Concern Source mode Packaged desktop
UI Vite dev server bundled webview assets
API developer-started Uvicorn PyInstaller sidecar supervised by Tauri
Address configured local base ephemeral 127.0.0.1 port injected at launch
Token unset; local development CORS only fresh 256-bit token required for /api/*
Data repository packs/artifacts bundled read-only resources + per-user ledger directory
AI off unless developer selects a provider off unless user explicitly selects local or BYOK cloud
Exit processes controlled separately shell kills sidecar; sidecar watches parent PID

The shared contracts make these deployment modes equivalent at the app/core boundary.

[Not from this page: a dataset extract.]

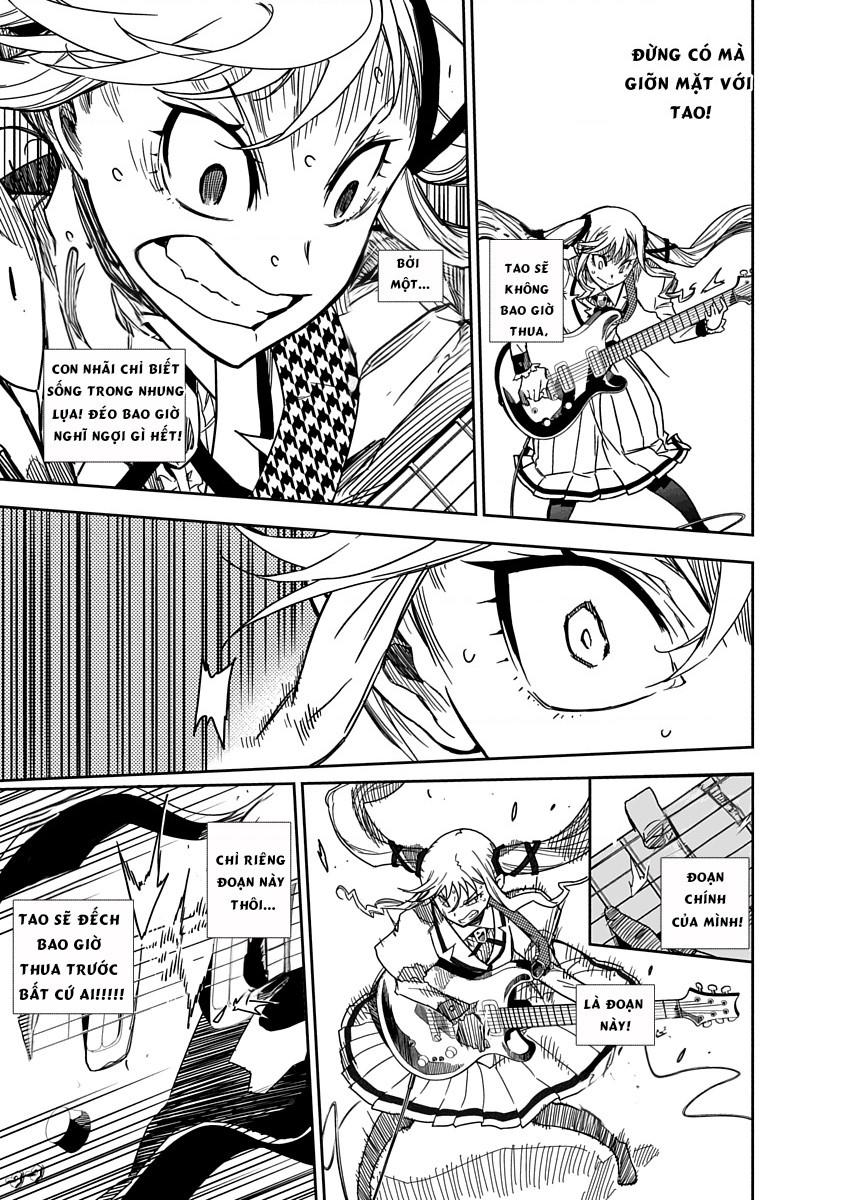 đọc truyện Rock Là Thú Vui Tao Nhã Của Quý Cô Chương 1 ảnh 42 tại Thiên Thai Truyện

The workbench validates responses rather than silently adapting to contract drift.

Failure Result
sidecar cannot start or pass /health no window is shown; child is killed; backed-up user state may be rolled back
request lacks the launch token 401; no API data is returned
API response violates the UI contract visible error state; malformed data is not rendered as a forecast
source snapshot or manifest fails validation ingest/seal/score operation stops
seal invariant fails no artifact is written
newer result is missing/postponed no fabricated score; write a reasoned void successor when appropriate
optional model is absent disabled or unavailable; local forecast remains complete
narration fails any guard discard response, return local_only, preserve every engine number
shell exits unexpectedly parent-PID watcher terminates the sidecar

Packaging is downstream of the runtime architecture:

  1. PyInstaller freezes the FastAPI/core sidecar and its read-only resources.
  2. The build copies it to Tauri’s required target-triple filename.
  3. Tauri bundles the UI, shell, and sidecar into platform installers.
  4. Release jobs emit DMG / MSI / EXE artifacts plus SHA256SUMS.
  5. Signing, notarization, and the signed updater are wired but enabled only when maintainers provide the required secrets.

The current public build is unsigned. Packaging and signing can affect whether an operating system trusts the bundle, but they cannot participate in forecast generation or alter a sealed artifact.